Incidentally, you forgot about Matt. 19:7–9:

Your desire to not go beyond the mere ripping of proof texts from one book and juxtaposing them with another, like Marcion's, is wrong-headed.

CJD
CJD-

You are correct in that Jesus uses Matt. 19:7-9 to justify his teachings on divorce, but it is based on reading into the past, even then. Suppose Moses actually did give the law (which I doubt) and that some of it was based on the people's hard-heartedness. Why would he give a commandment that says that nothing could be added to or removed from the law?
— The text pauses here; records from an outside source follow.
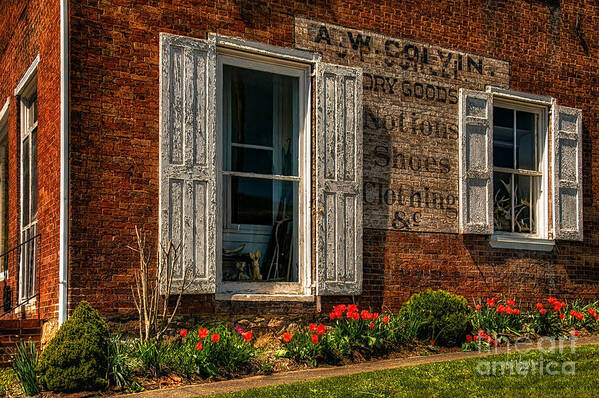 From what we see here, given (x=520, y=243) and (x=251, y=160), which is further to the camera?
(x=520, y=243)

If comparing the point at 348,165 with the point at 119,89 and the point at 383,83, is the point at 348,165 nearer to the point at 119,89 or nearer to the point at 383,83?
the point at 383,83

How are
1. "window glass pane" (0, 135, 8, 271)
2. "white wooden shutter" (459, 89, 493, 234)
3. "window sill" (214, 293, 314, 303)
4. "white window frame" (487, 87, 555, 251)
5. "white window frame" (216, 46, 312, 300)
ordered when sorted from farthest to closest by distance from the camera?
"window glass pane" (0, 135, 8, 271) → "white window frame" (487, 87, 555, 251) → "white wooden shutter" (459, 89, 493, 234) → "white window frame" (216, 46, 312, 300) → "window sill" (214, 293, 314, 303)

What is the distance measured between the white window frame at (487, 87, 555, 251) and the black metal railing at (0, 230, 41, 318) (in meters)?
6.16

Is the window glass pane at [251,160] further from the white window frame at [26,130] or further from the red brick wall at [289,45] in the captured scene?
the white window frame at [26,130]

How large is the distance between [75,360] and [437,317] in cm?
432

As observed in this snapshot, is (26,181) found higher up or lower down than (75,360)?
higher up

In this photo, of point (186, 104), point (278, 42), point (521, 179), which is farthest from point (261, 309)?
point (521, 179)

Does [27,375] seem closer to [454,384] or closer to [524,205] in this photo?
[454,384]

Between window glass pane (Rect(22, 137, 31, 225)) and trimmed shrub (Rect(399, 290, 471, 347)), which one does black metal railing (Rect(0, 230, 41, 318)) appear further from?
trimmed shrub (Rect(399, 290, 471, 347))

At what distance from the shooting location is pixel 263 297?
9.33 m

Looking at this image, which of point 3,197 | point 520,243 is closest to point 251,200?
point 520,243

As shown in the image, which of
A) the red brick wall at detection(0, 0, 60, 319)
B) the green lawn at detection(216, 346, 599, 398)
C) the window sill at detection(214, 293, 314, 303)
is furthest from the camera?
the window sill at detection(214, 293, 314, 303)

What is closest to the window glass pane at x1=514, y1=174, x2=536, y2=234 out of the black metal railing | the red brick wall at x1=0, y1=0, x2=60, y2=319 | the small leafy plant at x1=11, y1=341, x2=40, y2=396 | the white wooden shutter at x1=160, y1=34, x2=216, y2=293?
the white wooden shutter at x1=160, y1=34, x2=216, y2=293

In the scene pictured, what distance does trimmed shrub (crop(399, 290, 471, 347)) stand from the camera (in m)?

However, you forget all the other times when Jesus contradicts the law, like for example in Mark 2:23-28:

Quote:
2:23
One sabbath he was going through the grainfields; and as they made their way his disciples began to pluck heads of grain.
2:24
And the Pharisees said to him, "Look, why are they doing what is not lawful on the sabbath?"
2:25
And he said to them, "Have you never read what David did, when he was in need and was hungry, he and those who were with him:
2:26
how he entered the house of God, when Abi'athar was high priest, and ate the bread of the Presence, which it is not lawful for any but the priests to eat, and also gave it to those who were with him?"
2:27
And he said to them, "The sabbath was made for man, not man for the sabbath;
2:28
so the Son of man is lord even of the sabbath."
This is a violation of the Sabbath (cf. Exodus 20:8-10), but the basis of this story comes from 1 Samuel 21:1-6. The interesting thing about this story is that Ahimelech is the high priest, not Abiathar, and also David comes alone in the story. Also, the only potential violation of the law in 1 Samuel would have been if the men had engaged in sexual activity. So, unless Jesus was referring to an apocryphal tale, there are serious contradictions, not just minor ones, and reconciliation as you refer to it merely resorts to exceptionalism and ignoring what are still considered laws by Jews today. So, either Jesus is guilty of violating the sabbath, or removing rules from the torah. This by itself would eliminate the basis for the doctrine of substitutional atonement, which required a sinless individual based on the rules of the torah.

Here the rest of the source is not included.